▶ _What to work on_: From the entries below, write out exactly the lines between the line holding "76cm Glass Flower" and the line holding "Adair Tartan Mens Polo Shirt", inclusive, excluding any pictures.

▶ _Recorded data_:
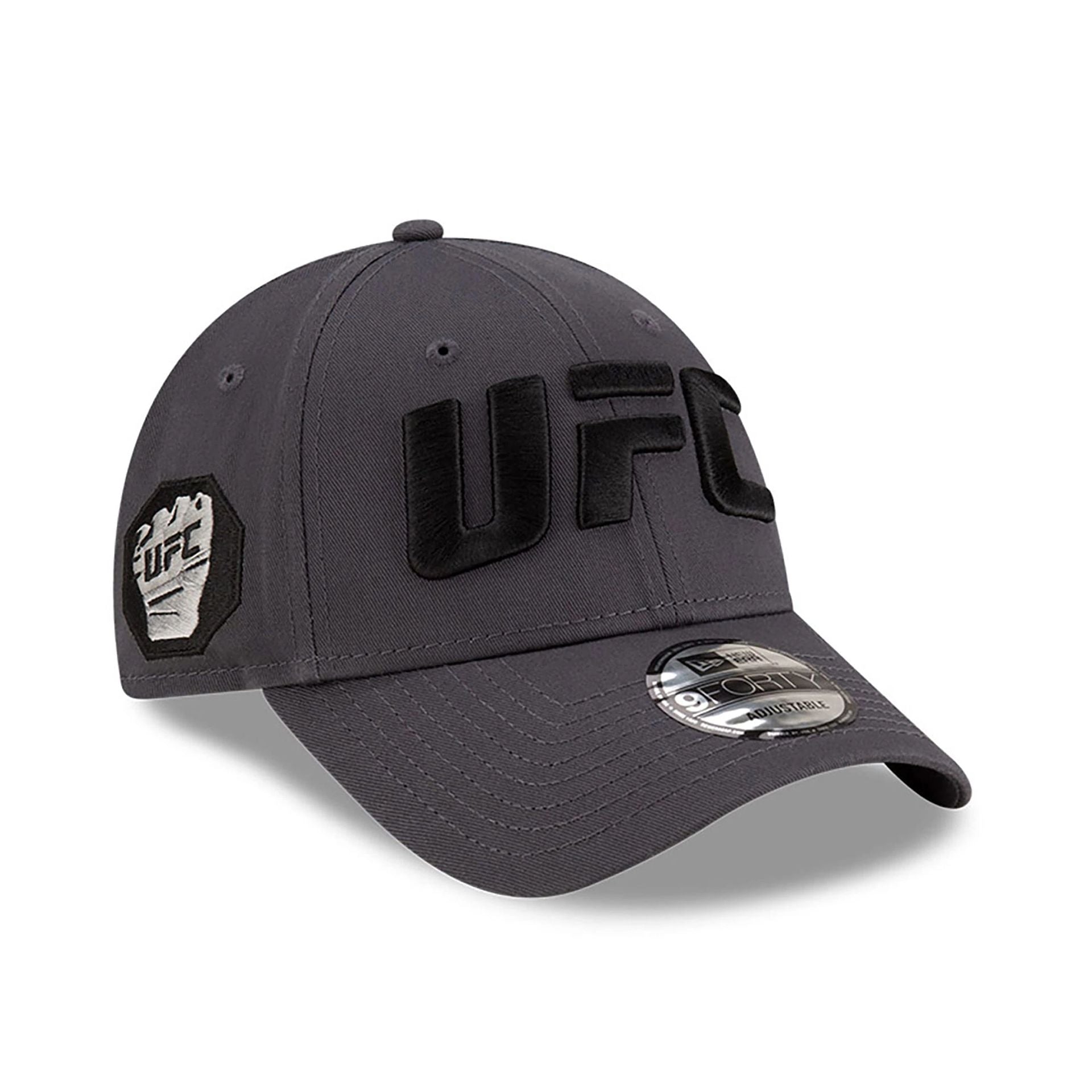 This is a UFC Ultimate Fighting UFC MMA Dark Grey 9FORTY Adjustable Cap 1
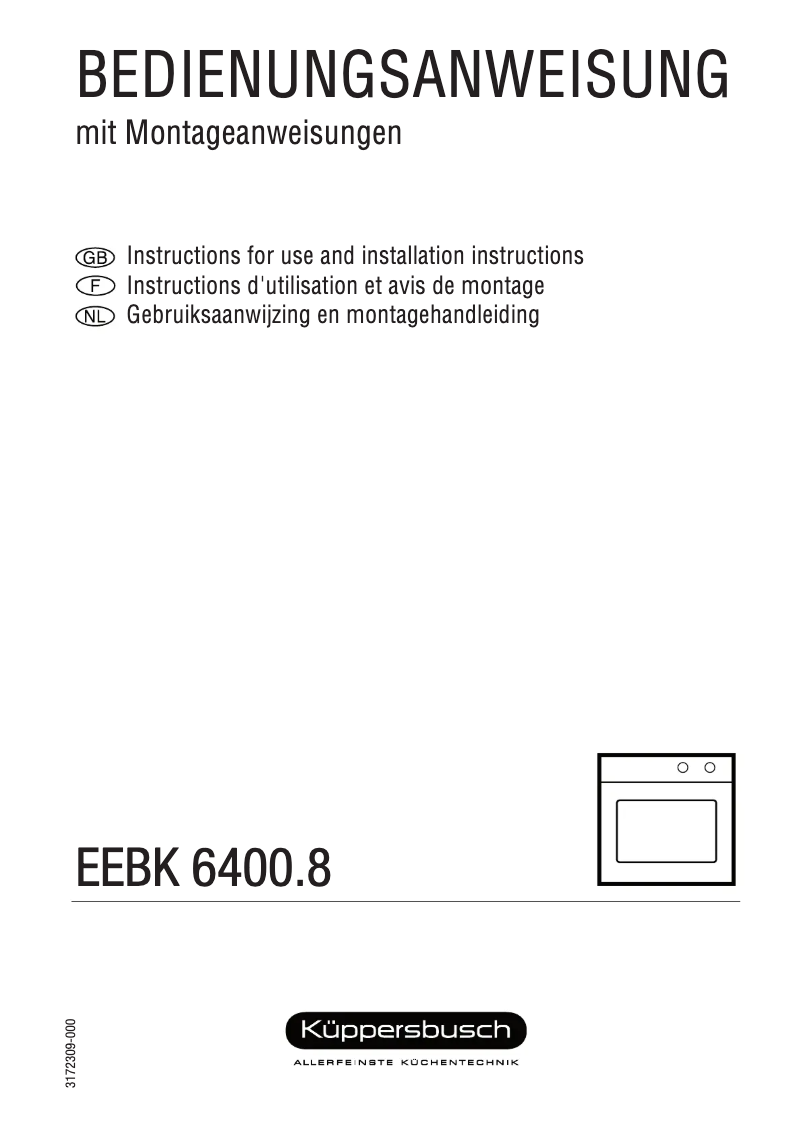 Página 1 del manual Manual de usuario Küppersbusch EEBK 6400.8 MX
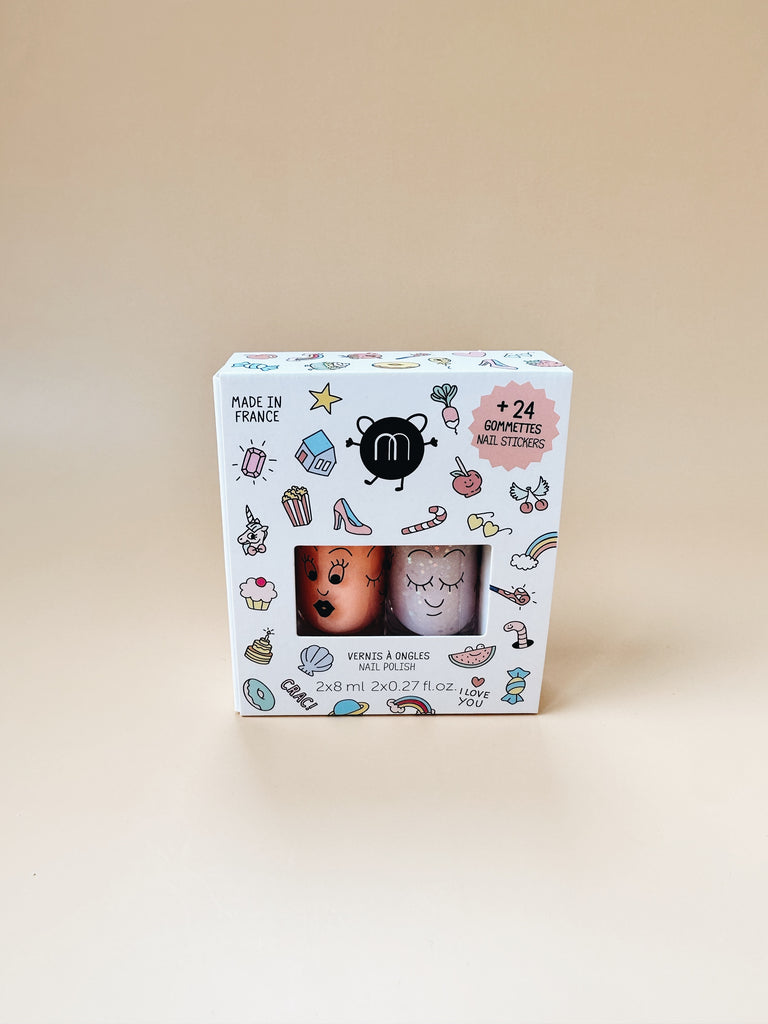 Nailmatic Kids Duo Nail Polish with Sticker Set - Andnest.com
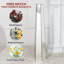 76cm Glass Flower Tall Vase Room Decor Set of 2
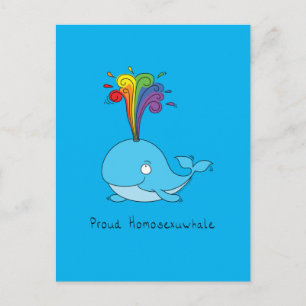 Proud Whale Gay Pride LGBTQ Briefkaart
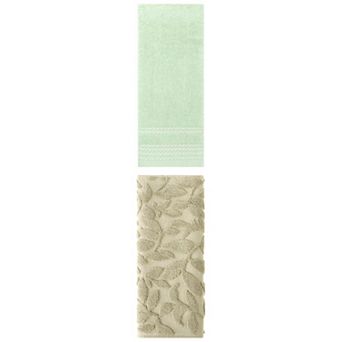 2 pc Hand Towel Set, Comfort and Quick Drying Towels for Bathroom, Gym, Camp 14"x30"
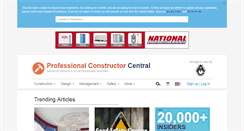 Desktop Screenshot of professionalconstructorcentral.com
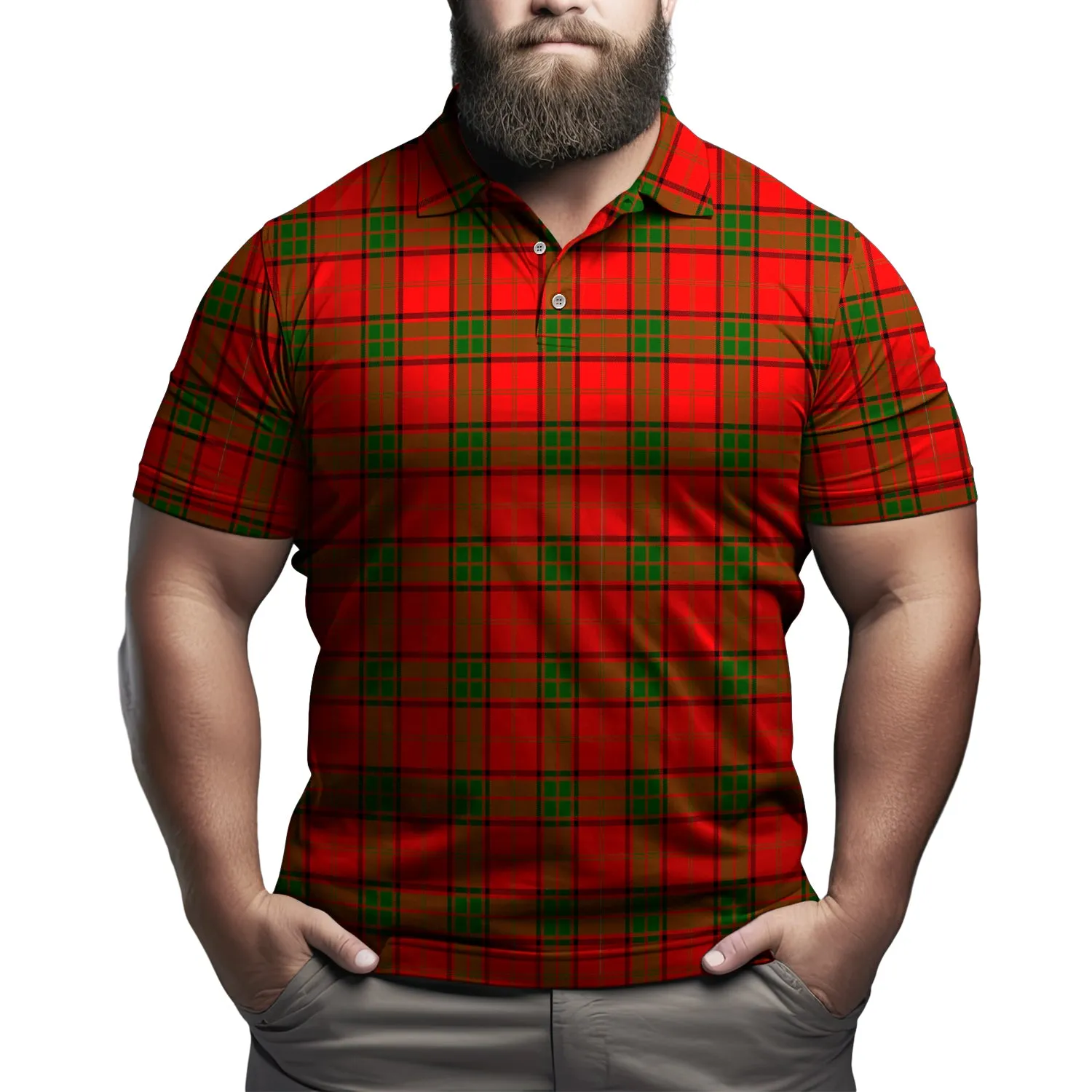 Adair Tartan Mens Polo Shirt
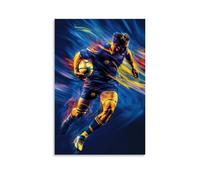 CBWVUWHJW Poster sportivo con giocatore di rugby che passa la palla, decorazione da parete astratta, alla moda, poster artistico da appendere, 20 x 30 cm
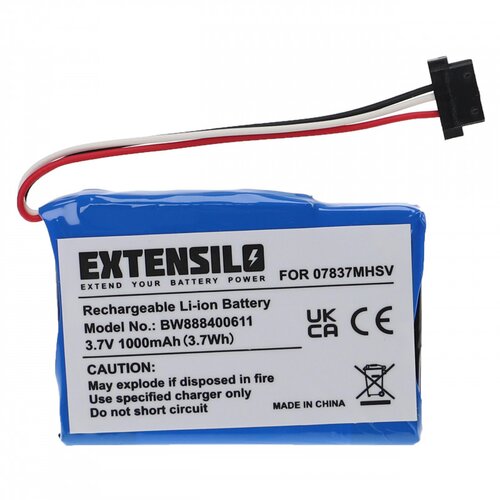  Baterija za Becker Traffic Assist 107 / Z200 / Z205, 1000 mAh Slike
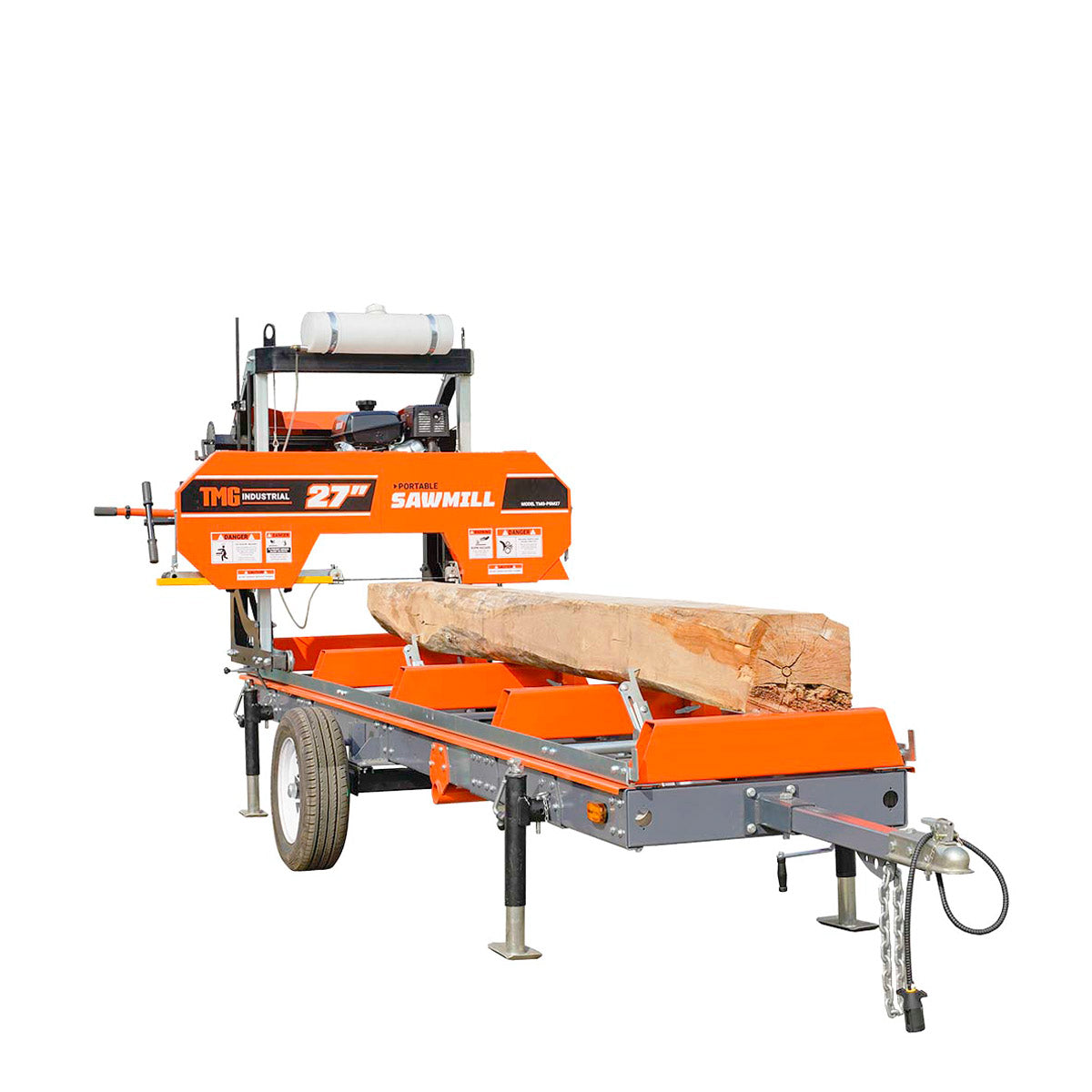 TMG Industrial Primary Sub-Frame for Sawmill Trailer PSM27, 4400-lb Capacity, Leveling Jacks, Anti-Tipping Rail Guard, TMG-PSM27-Sframe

▶ _Exercise result_:
 76cm Glass Flower Tall Vase Room Decor Set of 2
 Proud Whale Gay Pride LGBTQ Briefkaart
 2 pc Hand Towel Set, Comfort and Quick Drying Towels for Bathroom, Gym, Camp 14"x30"
 Desktop Screenshot of professionalconstructorcentral.com
 Adair Tartan Mens Polo Shirt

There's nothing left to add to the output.